Ils ont survécu à cette nuit d’horreur mais leurs souffrances morales ou physiques sont loin d’être guéries. Ces attentats ont fait 130 morts et 352 blessés. Par ailleurs, on compte jusqu’à 4 000 personnes impliquées, simples témoins ou proches de victimes. Pour tous, le 13-Novembre 2015 marque le début d’une vie à jamais différente.

Dans la tête d’Omar, il est toujours 21 h 25 le 13 novembre 2015 au Stade de France. Le vigile marocain n’a jamais quitté le champ de bataille qu’il a connu dans une ville pourtant en paix. La terre tremble encore sous ses pieds. Il entend toujours le bruit de la première explosion. Son étrange odeur de calciné, indéfinissable et entêtant parfum de guerre. Autour, les gens courent. Lui, la peur ne l’a pas encore immobilisé. Il décide de tenir sa position. Il porte un gilet sans manches numéroté, dérisoire armure de couleur orange. Il voit l’ennemi avancer vers lui, calme et déterminé, silhouette sombre vêtue d’une doudoune noire. Un grand boum, et plus rien. L’obscurité.

Omar perd connaissance

Quand il ouvre les yeux sur le bitume, seules ses paupières bougent. Le reste ne répond plus. Impossible de se relever, impossible de parler. Dans une mare de sang, un homme demande de l’aide. Omar entend ses cris, voit son corps mutilé. Il y a par terre des membres arrachés, ceux du kamikaze, des lambeaux de chair et, dans l’air, toujours la même odeur.

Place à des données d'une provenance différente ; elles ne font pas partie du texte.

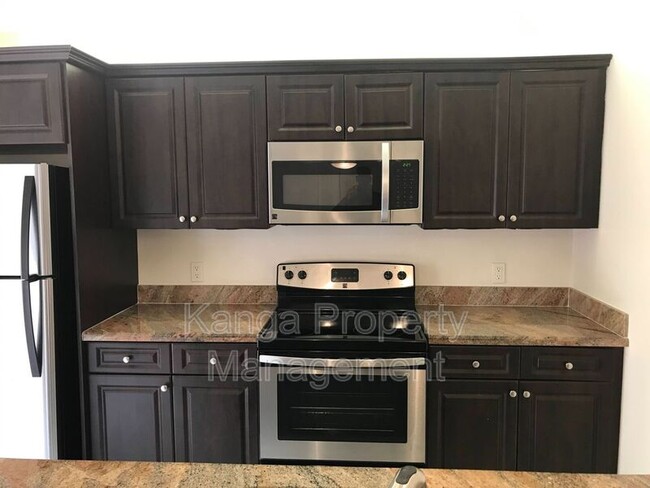 Building Photo - 233 Charter Way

Il a connu la mort sans avoir perdu la vie

« C’est trop dur », souffle Omar ce samedi de janvier où nous lui rendons visite. On retrouve dans son récit l’effroi raconté par les poilus de la Grande Guerre.  Celui aussi des GI américains pétrifiés sur les zones de combat en Afghanistan et en Irak. Assis sur le lit d’une clinique psychiatrique, Omar dessine au crayon sa ligne de front. C’est une centaine de mètres, des portes G à H du Stade de France où il a connu la mort sans avoir perdu la vie. « J’ai accompli ma mission », dit celui qui a fait évacuer plusieurs dizaines de personnes au moment des explosions.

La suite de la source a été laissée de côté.